During Art Basel in June, a dealer said to me in private: “data is money.” In my numerous conversations with galleries, artists and curators during the world’s flagship art fair, I quickly realized this had been a commonplace thesis.

Data, in this case, is a wide term: all types of it, including vídeo, sound and voice recordings, as well as high-resolution images need to be preserved in order to create value for the related pieces of art.

Traditional art was used to create objects of art. Modern art creates information about the events of art. (Boris Groys, “In the flow”)

Elena Zavelev, founder and CEO of New Art Academy and organizer of an Art+Tech+Blockchain conference that took place during Art Basel, touched in our conversation on the importance of emerging technologies like VR. “Sylvain Levy’s collection, for example, consists mainly of the large scale works that require special arrangements to be viewed in person. VR is a graceful solution to this.”

One VR company I met at Art Basel drove this point home. Vitomir Jevremović, founder and CEO of VR-All-Art, told me that they are now working hand in hand with museums from all over the world to provide fully augmented virtual reality experiences for collections and rooms.

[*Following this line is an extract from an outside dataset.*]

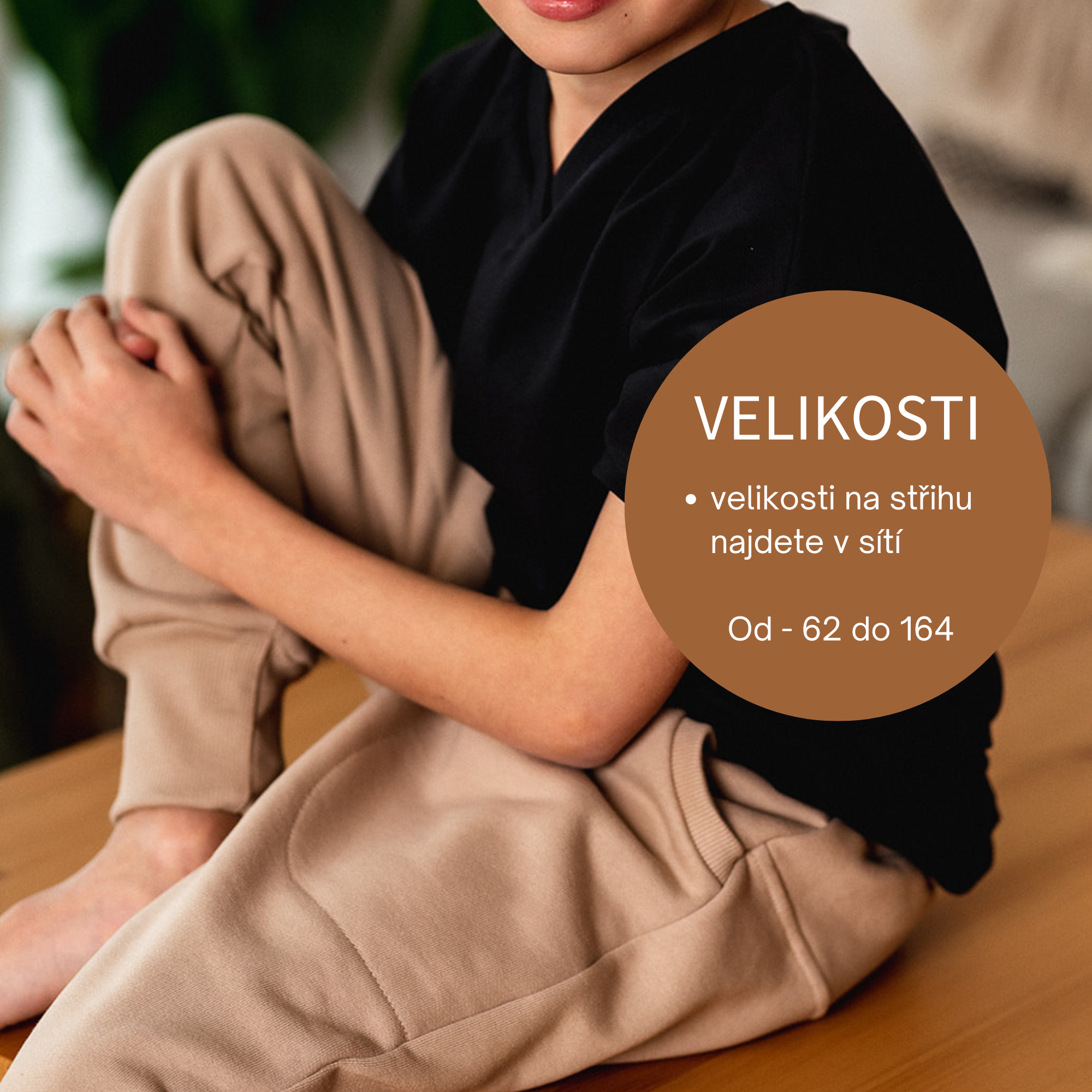 PDF střih na dětské tepláky s kapsami "Tampa" 62 - 164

So, for example, if you are unable to visit in person the Giza Pyramids in Egypt, Jevremović’s company is now making it easy to experience the intensity of King Tut’s tomb in fully augmented VR. Through a special surface scanner developed in-house able digitalize artworks, the company has already created a VR of the National Museum of Serbia, including paintings and wall texts.

According to Nanne Dekking, a founder and CEO of Artory, a company that provides innovative blockchain solutions for buying and selling art and who had previously served as Sotheby’s Vice Chairman and Worldwide Head of Private Sales, innovative technological solutions are needed today to bring up levels of confidence to the market.

During my time at Art Basel, provenance was an issue I heard repeated time and again. Though provenance is relatively easy to establish for newer works of contemporary art, it remains difficult for categorizing works of art that are years, decades or even centuries old. Case in point being the recent controversy surrounding the Salvator Mundi, which is presently undergoing a provenance controversy among experts (whether it was made by Da Vinci or his workshop), that could eventually see hundreds of millions of dollars taken off the value of the work overnight.

‘Salvator Mundi’,
Leonardo da Vinci
c. 1500

According to Elena Zavelev, “online registries are crucial for recording the provenance for the works of art validating the artist’s market and helping collectors and institutions successfully own and trade their assets.”

For cultural institutions and galleries with collections, .ART uses a Domain Name System (DNS) that includes “Object ID”—a universal art object identification standard developed by J. Paul Getty Trust and adopted by UNESCO, ICOM, and major law enforcement agencies, including Scotland Yard and Interpol, which contains necessary information about an artworks owner using specially added site description fields.

This means that if you are a cultural or heritage institution with ancient artefacts, a gallery or an art collector, or an artist looking to have a safe digital storage for all data surrounding your art, hosting it with a unique domain and object ID (Learn more – Digital Twin) creates a container for all the relates art-object information, a unique letter of digital authenticity and a reliable chain of digital ownership.

With the rise of digitization, blockchain and innovative technologies like VR are taking on an increasingly more important role in the art market, creating a growing demand for the new ways of keeping track of collections and provenance as well of art consumption. As Boris Groys states it in his recent work “In the flow”: “the art industry seems to be prepared for the transition to a new phase – a completely digital movement.”


Also published on Medium.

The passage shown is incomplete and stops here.